We like to think we’re in control. We make plans and resolutions and try to
achieve our own versions of happiness. Perhaps you’d like to know what will
come this next year, get a glimpse into the future, prepare
for it. But that’s not for us to know. It is for us to trust our heavenly
Father as He leads us from age to age, from one year to the next. To rely on His Word and not despise it. To
grow in His Word and treasure it. To rest secure not in our knowledge,
but in His; not that we’re in control, but that He is.
But big can also be frightening. So while it is
comforting to have a God big enough for eternity, we also need a God small
enough for us to know, and who knows us. That is our God, too. Who became
small, the smallest of human beings in the womb of His mother. Who was then
born and received the protection of His father and the care of His mother. Who
grew as we do, and then died as we do. In every stage of life from beginning to
end, Jesus knows. So whatever happened this past year, and whatever will happen
next year, you have a Saviour who can and will
provide exactly what you need.
Which is what the apostle Paul also said to us
tonight, that if God did not spare His own Son but gave Him up for us
all, how will He not with Him graciously give us all things? Nothing
in all creation will be able to separate us from the love of God in
Christ Jesus our Lord.
So we have a God who is both little and big.
Little enough to spend time with widows and lepers, but big enough to cleanse
them and help them. Little enough to eat and drink with tax collectors and
sinners, but big enough to feed over five thousand with five small loaves of
bread and two fish. Small enough to pray, but big enough to
hear our prayers. That’s the God we need, and the God we have.
So we end one year and remember all that our Lord
has done for us, and we begin a New Year with the confidence that what He has
done He will do. We will be well cared for, even, or especially, if it turns
out to be a particularly difficult year. We end the year hearing Him speak to
us in His Word, and we speak back to Him in prayer. This is exactly the right
place and the right way to end one year and begin another.

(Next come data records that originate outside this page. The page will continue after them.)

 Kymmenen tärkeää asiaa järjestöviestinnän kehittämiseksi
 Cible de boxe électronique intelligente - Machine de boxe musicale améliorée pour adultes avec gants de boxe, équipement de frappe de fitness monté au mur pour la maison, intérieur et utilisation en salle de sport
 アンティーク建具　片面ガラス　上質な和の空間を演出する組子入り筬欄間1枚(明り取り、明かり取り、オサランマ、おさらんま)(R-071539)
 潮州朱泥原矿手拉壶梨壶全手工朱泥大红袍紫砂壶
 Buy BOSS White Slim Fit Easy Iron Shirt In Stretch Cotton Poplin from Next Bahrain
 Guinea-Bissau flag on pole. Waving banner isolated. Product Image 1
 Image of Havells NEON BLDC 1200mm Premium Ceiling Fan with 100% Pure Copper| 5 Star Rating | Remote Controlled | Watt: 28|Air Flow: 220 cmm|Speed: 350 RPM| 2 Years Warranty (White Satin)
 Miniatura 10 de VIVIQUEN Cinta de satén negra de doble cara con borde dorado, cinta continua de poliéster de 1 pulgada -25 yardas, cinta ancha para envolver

But not just on this night, because as Luke
reminded us tonight, our Lord is coming back for us. There may not be another
New Year, a 2024. Or there may be, but not for you or me. I received word just
this morning of a pastor who died suddenly and unexpectedly. You undoubtedly
saw on the news the death of the former Roman Pope. Man knows not His time. So
we need to be ready for whenever that time comes for us. To not be lured into
thinking we have many more years - we may not. Not here, anyway. But we have an
eternity to spend with our Saviour.
So, the psalmist prayed, and we prayed, teach
us to number our days that we may get a heart of wisdom. That is a
heart filled with Jesus. A heart filled with His forgiveness for my sin,
His Word for my path, His love to overcome my fears, and His life to overcome
my death. And when He comes again - when it is not a crystal ball dropping in
New York City, but a Saviour descending in glory - we
will be among the throngs of faithful waiting for Him and rejoicing at His
coming.
In the Name of the Father, and of the (+) Son, and of the Holy Spirit. Amen.